Les cantons se demandent s’il est vraiment urgent d’engager de nouvelles négociations bilatérales avec l’Union européenne. C’est ce qui ressort de l’assemblée plénière extraordinaire de la Conférence des gouvernements cantonaux (CDC), réunie mercredi.

Dans un communiqué publié jeudi, la CDC souligne qu’il serait plus judicieux d’expérimenter les accords bilatéraux avant d’entamer de nouvelles discussions. Or, ces accords ne sont même pas encore entrés en vigueur.

En revanche, les cantons ne s’opposent pas à la poursuite d’entretiens exploratoires sur les accords de Schengen et de Dublin. Mais, ils estiment que les documents actuellement disponibles ne permettent pas d’évaluer les avantages et les inconvénients de cette collaboration. Ils réclament plus de temps pour prendre position.

Les cantons ajoutent que leurs compétences de base (justice, police, imposition…) sont au cœur de ces nouvelles négociations. Et jugent préférable de coordonner, dans un premier temps, leurs efforts en matière de sécurité intérieure.

«Les cantons ont peur de perdre certaines de leurs compétences, analyse René Schwok, professeur à l’Institut européen. Ils cherchent visiblement à trouver des mesures dilatoires pour ne pas avancer dans la direction de l’ouverture des négociations.»

Du côté de la Confédération, Monique Jametti-Greiner, sous-directrice à l’Office fédéral de la justice, souligne que le débat s’est développé rapidement. Ce qui a pu surprendre les cantons.

«Ils demandent plus de temps, poursuit Monique Jametti-Greiner. Je comprends leur réaction: les accords de Schengen et de Dublin couvrent un vaste domaine, et il est difficile d’en mesurer toutes les conséquences.»

Reste que la Confédération semble toujours plus seule pour défendre ces accords. Qui lui donneraient l’accès aux précieuses banques de données du Système d’information de Schengen (SIS).

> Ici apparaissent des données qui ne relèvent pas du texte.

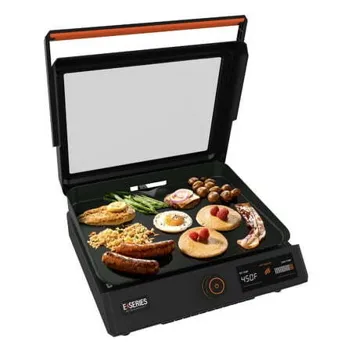 Blackstone E-Series 17" 238sq in Electric Tabletop Griddle with Hood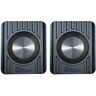 60-12164-1 Custom Autosound Undercover Stealth Speaker Pair High Deep Wide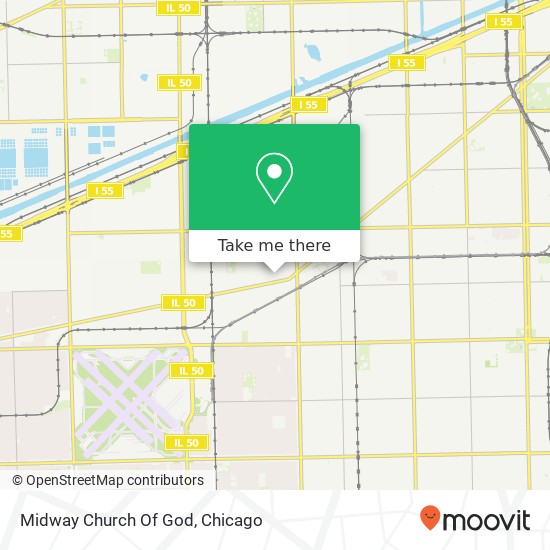 Midway Church Of God map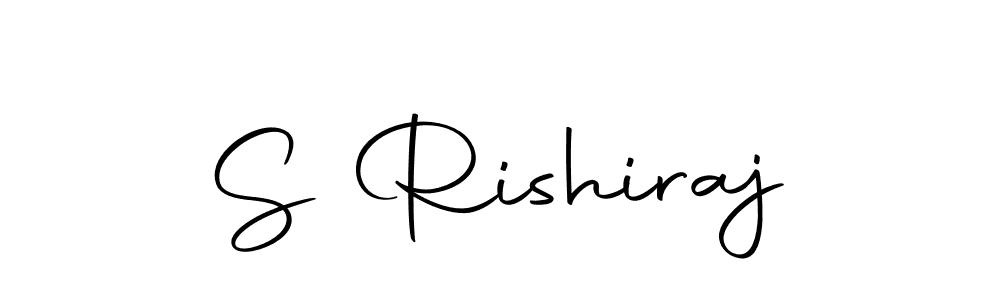 Create a beautiful signature design for name S Rishiraj. With this signature (Autography-DOLnW) fonts, you can make a handwritten signature for free. S Rishiraj signature style 10 images and pictures png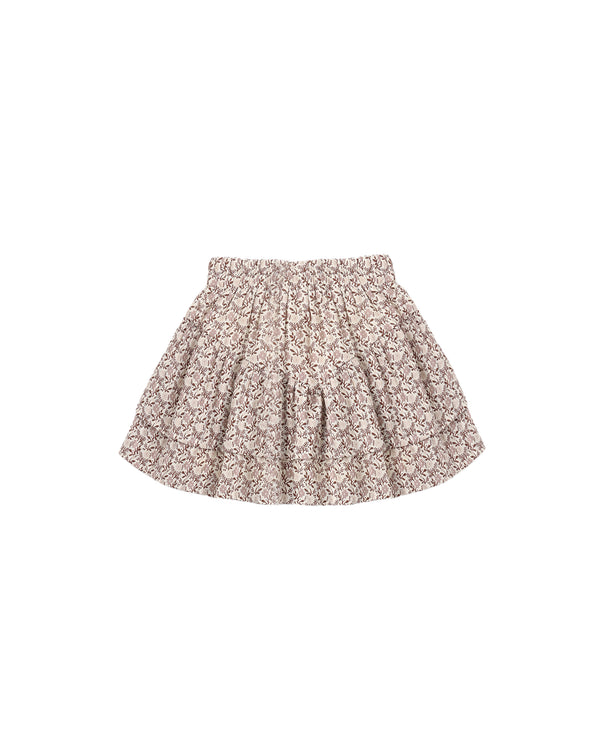 TIERED MINI SKIRT || PRIMROSE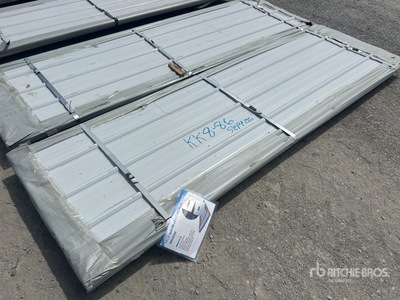2026 SKLP SK-XH50 3 Ft x 10 Ft Galvalume Steel Sheets Divers  (Unused)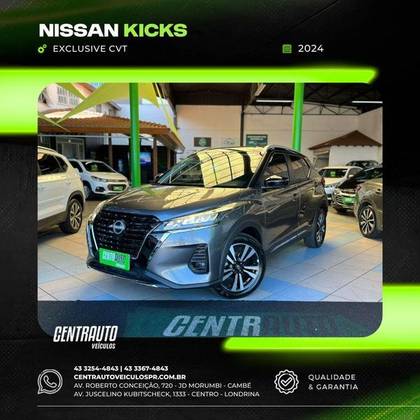 NISSAN KICKS 1.6 16V FLEXSTART ACTIVE XTRONIC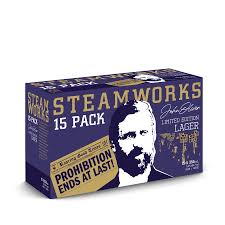 Steamworks John Oliver Lager (8 Pack)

L’opposition de l’Action pour une Suisse indépendante et neutre (ASIN) est connue. Mais, d’autres sceptiques pourraient encore sortir du bois.

Les milieux bancaires, tout d’abord, qui ne voudraient pas négocier avec l’Union européenne par crainte de pressions sur le secret bancaire. Certains militants de gauche pourraient également s’opposer aux aspects répressifs de Schengen. Les europhiles, quant à eux, pourraient contester la politique des petits pas choisie par la Suisse.

Le pessimisme aurait même déjà atteint le Département fédéral des finances (DFF). Dont certains collaborateurs craindraient que le caractère évolutif du traité de Schengen entraîne finalement la Suisse dans la question fiscale. Le service de presse du DFF n’a pas voulu faire de commentaire à ce sujet.

Du coup, René Schwok estime que la prise de position des cantons est un «sérieux avertissement» pour la Confédération. Et le professeur de conclure: «j’ai de la peine à imaginer comment le Conseil fédéral pourra aller de l’avant sans leur soutien.»